__Supplied material__
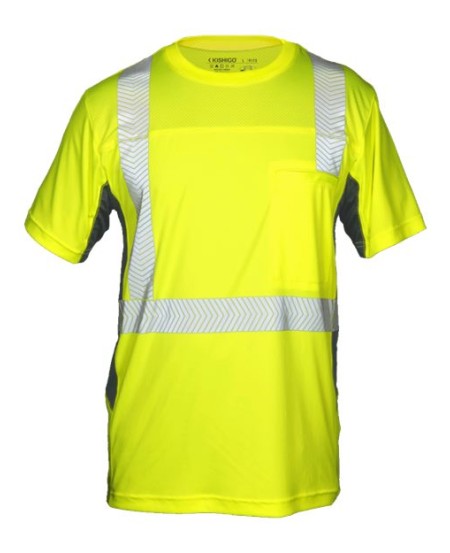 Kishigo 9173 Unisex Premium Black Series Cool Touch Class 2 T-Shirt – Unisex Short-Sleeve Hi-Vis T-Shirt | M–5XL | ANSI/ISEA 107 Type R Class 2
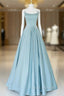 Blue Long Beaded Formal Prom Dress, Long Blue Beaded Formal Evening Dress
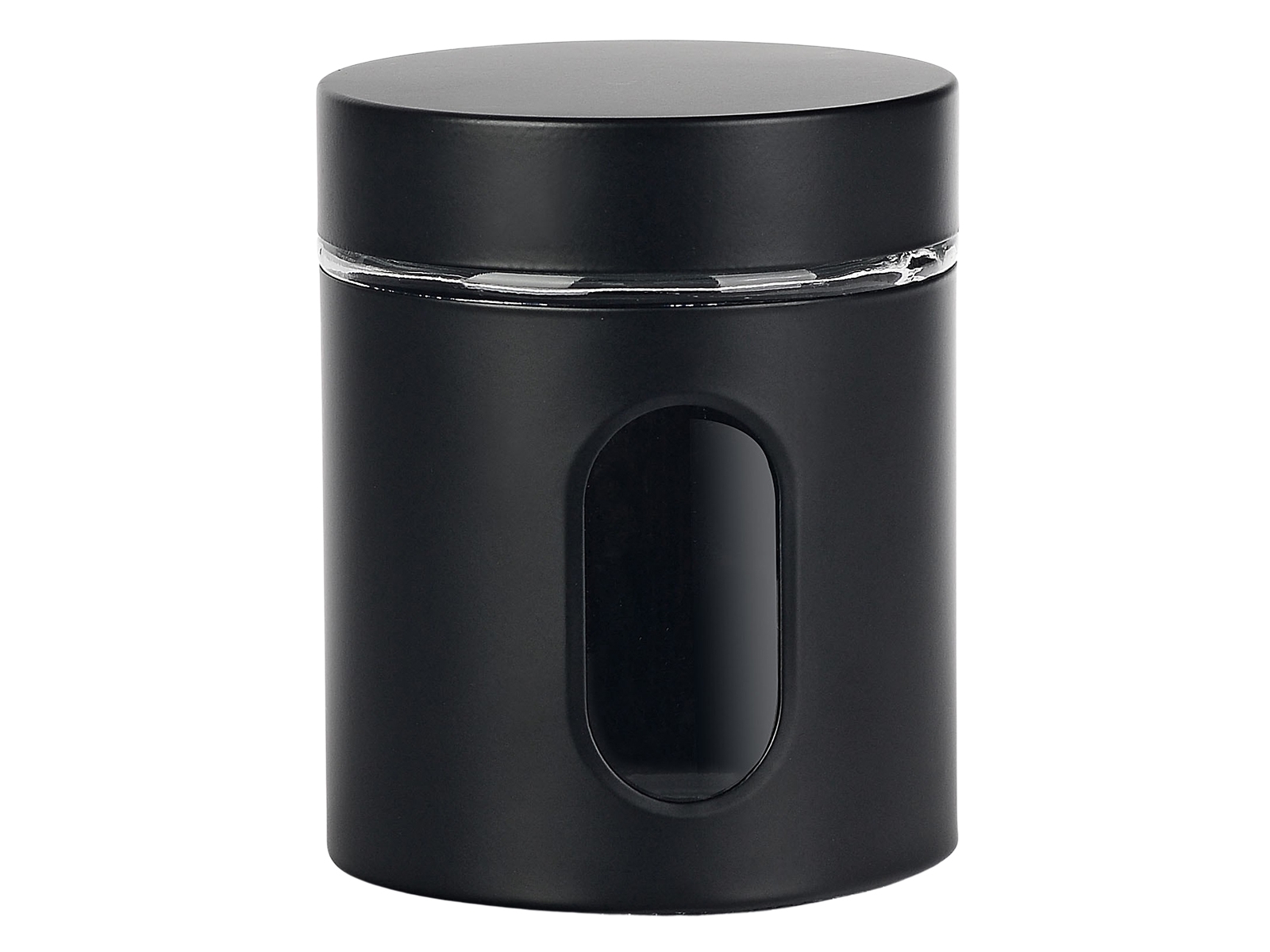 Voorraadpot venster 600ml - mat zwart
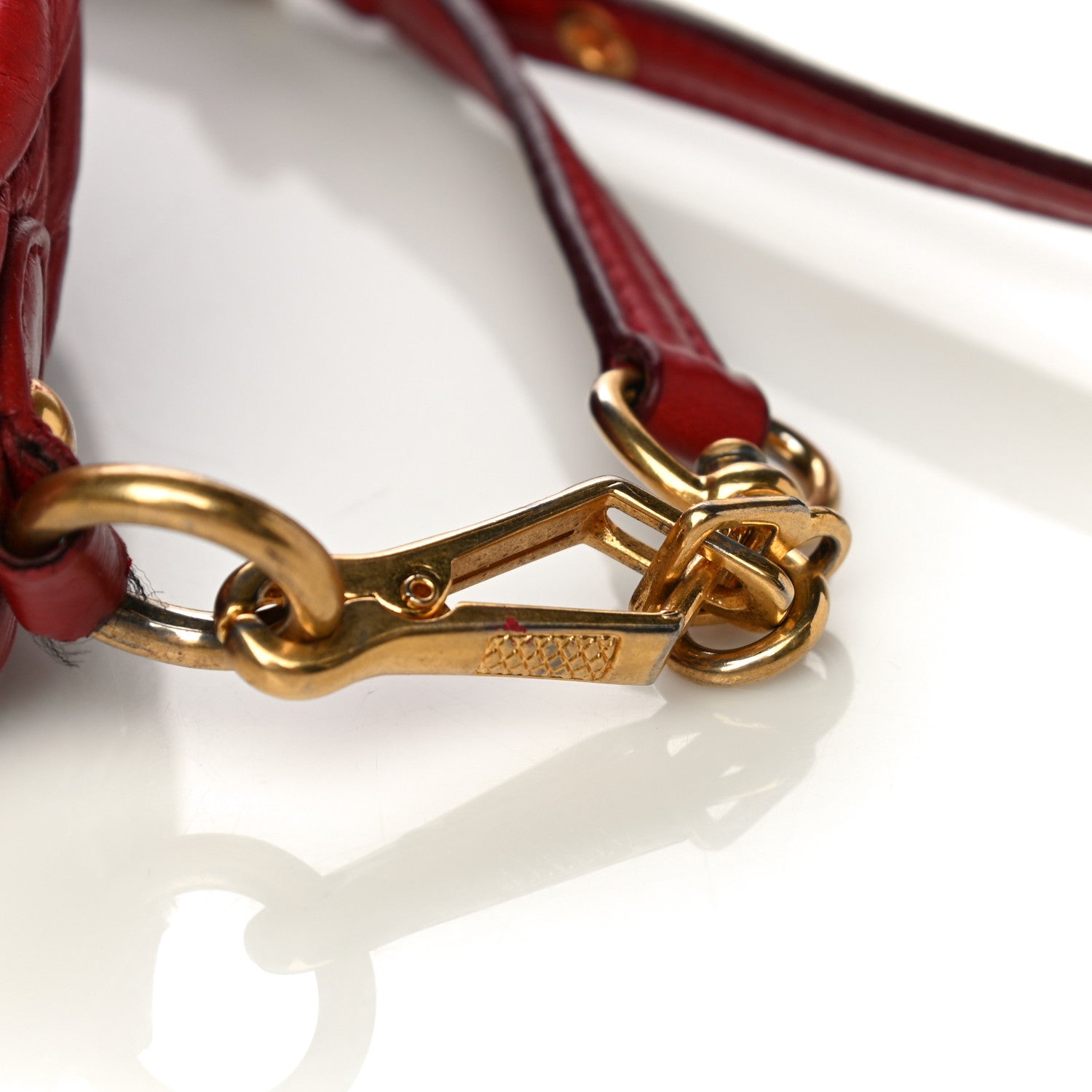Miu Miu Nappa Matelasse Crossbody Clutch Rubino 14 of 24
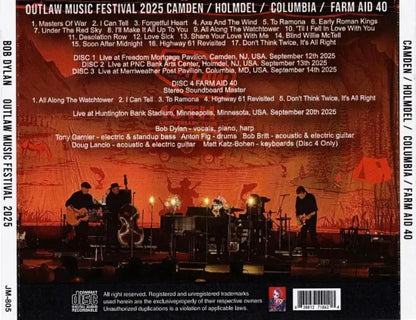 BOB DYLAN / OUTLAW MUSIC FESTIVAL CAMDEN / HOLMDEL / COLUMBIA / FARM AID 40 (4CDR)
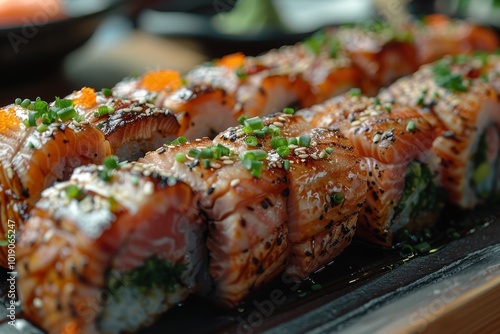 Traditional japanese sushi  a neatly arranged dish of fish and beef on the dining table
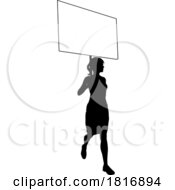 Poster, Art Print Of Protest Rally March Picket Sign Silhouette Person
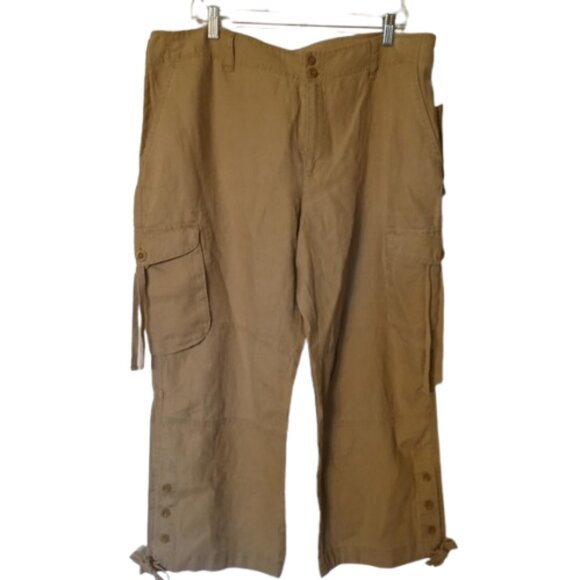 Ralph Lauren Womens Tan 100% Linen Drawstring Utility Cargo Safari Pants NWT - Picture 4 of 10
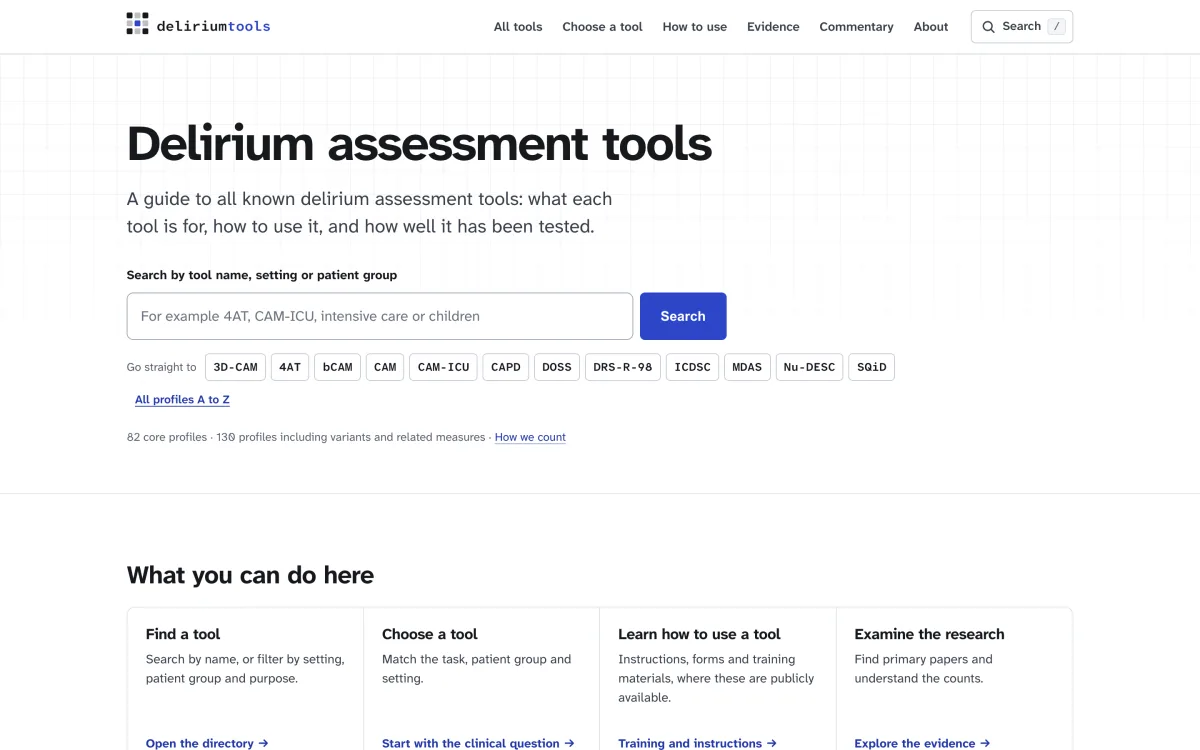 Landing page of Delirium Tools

__Goal of the exercise__
Without including any image, reproduce the full listing above as written.

__Result__
 Kishigo 9173 Unisex Premium Black Series Cool Touch Class 2 T-Shirt – Unisex Short-Sleeve Hi-Vis T-Shirt | M–5XL | ANSI/ISEA 107 Type R Class 2
 Blue Long Beaded Formal Prom Dress, Long Blue Beaded Formal Evening Dress
 Voorraadpot venster 600ml - mat zwart
Miu Miu Nappa Matelasse Crossbody Clutch Rubino 14 of 24
 BOB DYLAN / OUTLAW MUSIC FESTIVAL CAMDEN / HOLMDEL / COLUMBIA / FARM AID 40 (4CDR)
 Traditional japanese sushi  a neatly arranged dish of fish and beef on the dining table
 Poster, Art Print Of Protest Rally March Picket Sign Silhouette Person
 Ralph Lauren Womens Tan 100% Linen Drawstring Utility Cargo Safari Pants NWT - Picture 4 of 10
 Landing page of Delirium Tools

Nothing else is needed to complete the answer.